Regular expression for first and last name

Don't forget about names like:

Mathias d'Arras
Martin Luther King, Jr.
Hector Sausage-Hausen

This should do the trick for most things:

/^[a-z ,.'-]+$/i

OR Support international names with super sweet unicode:

/^[a-zA-ZàáâäãåąčćęèéêëėįìíîïłńòóôöõøùúûüųūÿýżźñçčšžÀÁÂÄÃÅĄĆČĖĘÈÉÊËÌÍÎÏĮŁŃÒÓÔÖÕØÙÚÛÜŲŪŸÝŻŹÑßÇŒÆČŠŽ∂ð ,.'-]+$/u

You make false assumptions on the format of first and last name. It is probably better not to validate the name at all, apart from checking that it is empty.

After going through all of these answers I found a way to build a tiny regex that supports most languages and only allows for word characters. It even supports some special characters like hyphens, spaces and apostrophes. I've tested in python and it supports the characters below:

^[\w'\-,.][^0-9_!¡?÷?¿/\\+=@#$%ˆ&*(){}|~<>;:[\]]{2,}$

Characters supported:

abcdefghijklmnopqrstwxyz
ABCDEFGHIJKLMNOPQRSTUVWXYZ
áéíóúäëïöüÄ'
陳大文
łŁőŐűŰZàáâäãåąčćęèéêëėįìíîïłńòóôöõøùúûüųū
ÿýżźñçčšžÀÁÂÄÃÅĄĆČĖĘÈÉÊËÌÍÎÏĮŁ
ŃÒÓÔÖÕØÙÚÛÜŲŪŸÝŻŹÑßÇŒÆČŠŽ.-
ñÑâê都道府県Федерации
আবাসযোগ্য জমির걸쳐 있는

I have created a custom regex to deal with names:

I have tried these types of names and found working perfect

John Smith
John D'Largy
John Doe-Smith
John Doe Smith
Hector Sausage-Hausen
Mathias d'Arras
Martin Luther King
Ai Wong
Chao Chang
Alzbeta Bara

My RegEx looks like this:

^([a-zA-Z]{2,}\s[a-zA-Z]{1,}'?-?[a-zA-Z]{2,}\s?([a-zA-Z]{1,})?)

MVC4 Model:

[RegularExpression("^([a-zA-Z]{2,}\\s[a-zA-Z]{1,}'?-?[a-zA-Z]{2,}\\s?([a-zA-Z]{1,})?)", ErrorMessage = "Valid Charactors include (A-Z) (a-z) (' space -)") ]

Please note the double \\ for escape characters

For those of you that are new to RegEx I thought I'd include a explanation.

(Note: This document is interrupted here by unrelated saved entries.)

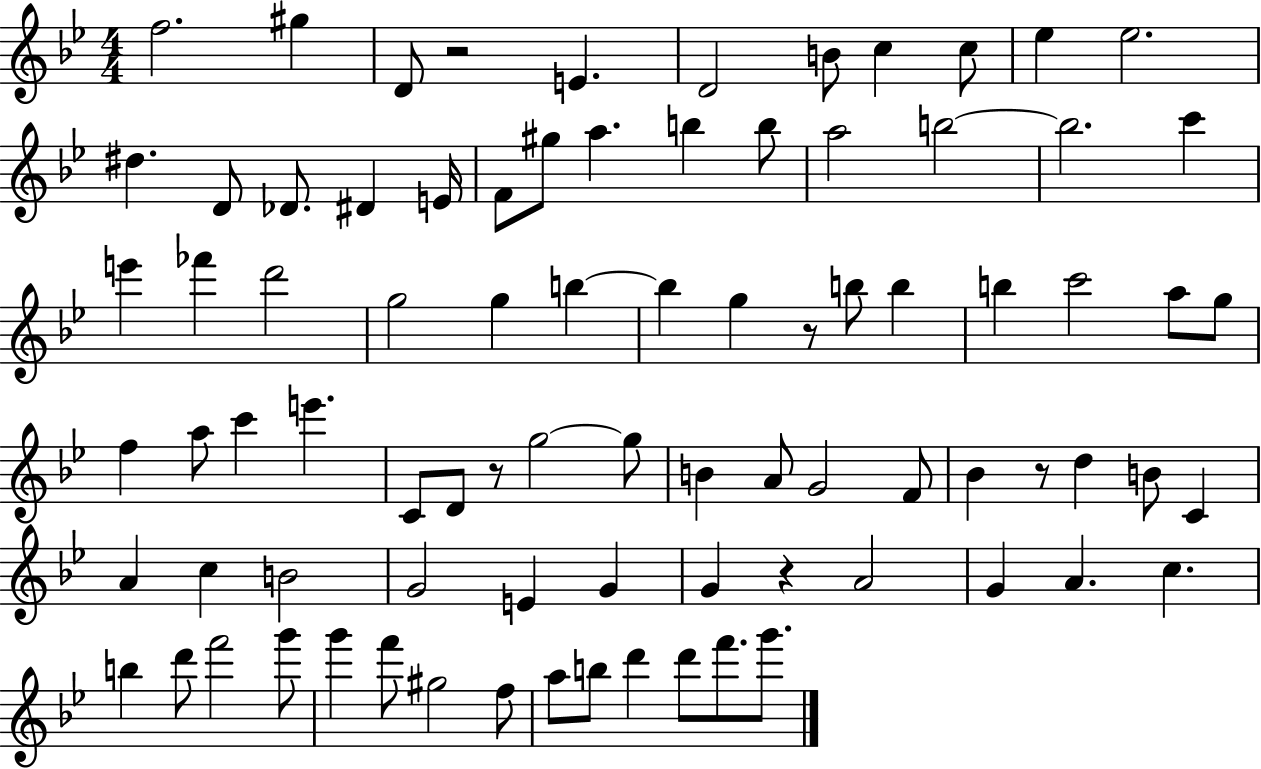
F5/h. G#5/q D4/e R/h E4/q. D4/h B4/e C5/q C5/e Eb5/q Eb5/h. D#5/q. D4/e Db4/e. D#4/q E4/s F4/e G#5/e A5/q. B5/q B5/e A5/h B5/h B5/h. C6/q E6/q FES6/q D6/h G5/h G5/q B5/q B5/q G5/q R/e B5/e B5/q B5/q C6/h A5/e G5/e F5/q A5/e C6/q E6/q. C4/e D4/e R/e G5/h G5/e B4/q A4/e G4/h F4/e Bb4/q R/e D5/q B4/e C4/q A4/q C5/q B4/h G4/h E4/q G4/q G4/q R/q A4/h G4/q A4/q. C5/q. B5/q D6/e F6/h G6/e G6/q F6/e G#5/h F5/e A5/e B5/e D6/q D6/e F6/e. G6/e. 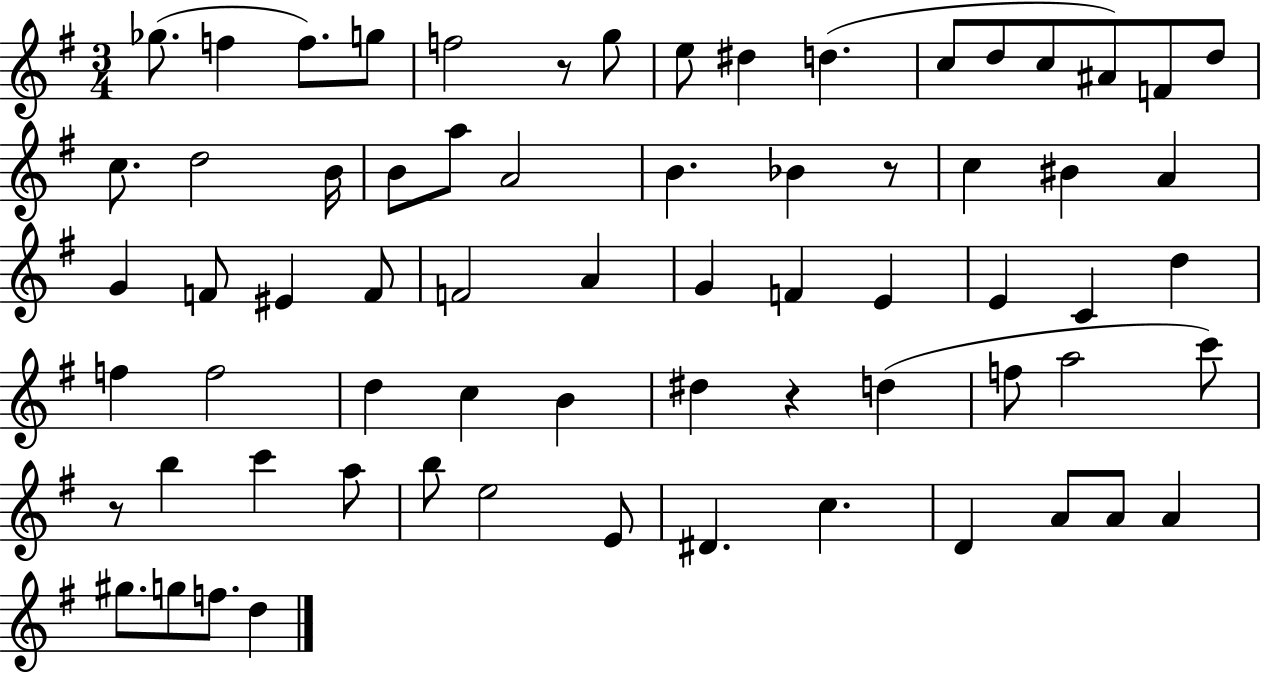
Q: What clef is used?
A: treble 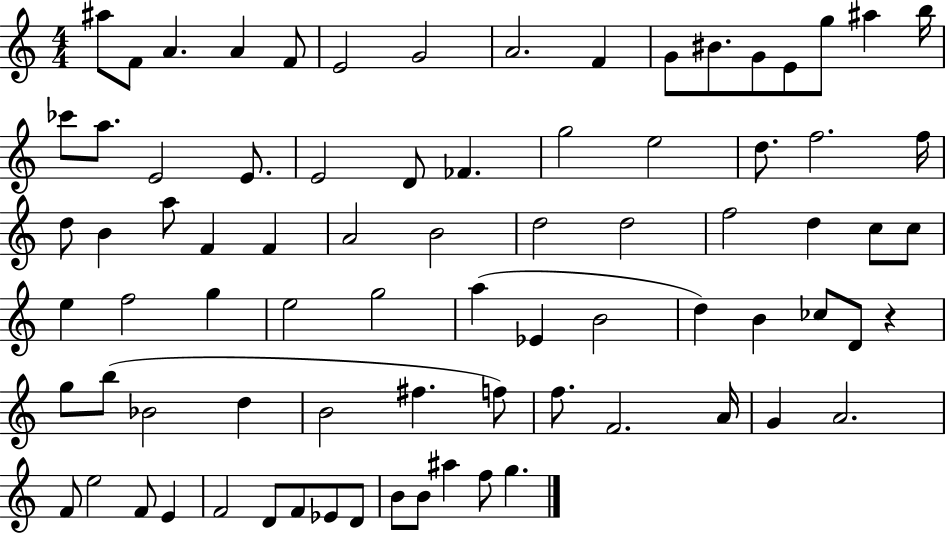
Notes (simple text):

A#5/e F4/e A4/q. A4/q F4/e E4/h G4/h A4/h. F4/q G4/e BIS4/e. G4/e E4/e G5/e A#5/q B5/s CES6/e A5/e. E4/h E4/e. E4/h D4/e FES4/q. G5/h E5/h D5/e. F5/h. F5/s D5/e B4/q A5/e F4/q F4/q A4/h B4/h D5/h D5/h F5/h D5/q C5/e C5/e E5/q F5/h G5/q E5/h G5/h A5/q Eb4/q B4/h D5/q B4/q CES5/e D4/e R/q G5/e B5/e Bb4/h D5/q B4/h F#5/q. F5/e F5/e. F4/h. A4/s G4/q A4/h. F4/e E5/h F4/e E4/q F4/h D4/e F4/e Eb4/e D4/e B4/e B4/e A#5/q F5/e G5/q.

^               // start of line
[a-zA-Z]{2,}    // will except a name with at least two characters
\s              // will look for white space between name and surname
[a-zA-Z]{1,}    // needs at least 1 Character
\'?-?           // possibility of **'** or **-** for double barreled and hyphenated surnames
[a-zA-Z]{2,}    // will except a name with at least two characters
\s?             // possibility of another whitespace
([a-zA-Z]{1,})? // possibility of a second surname

I have searched and searched and played and played with it and although it is not perfect it may help others making the attempt to validate first and last names that have been provided as one variable.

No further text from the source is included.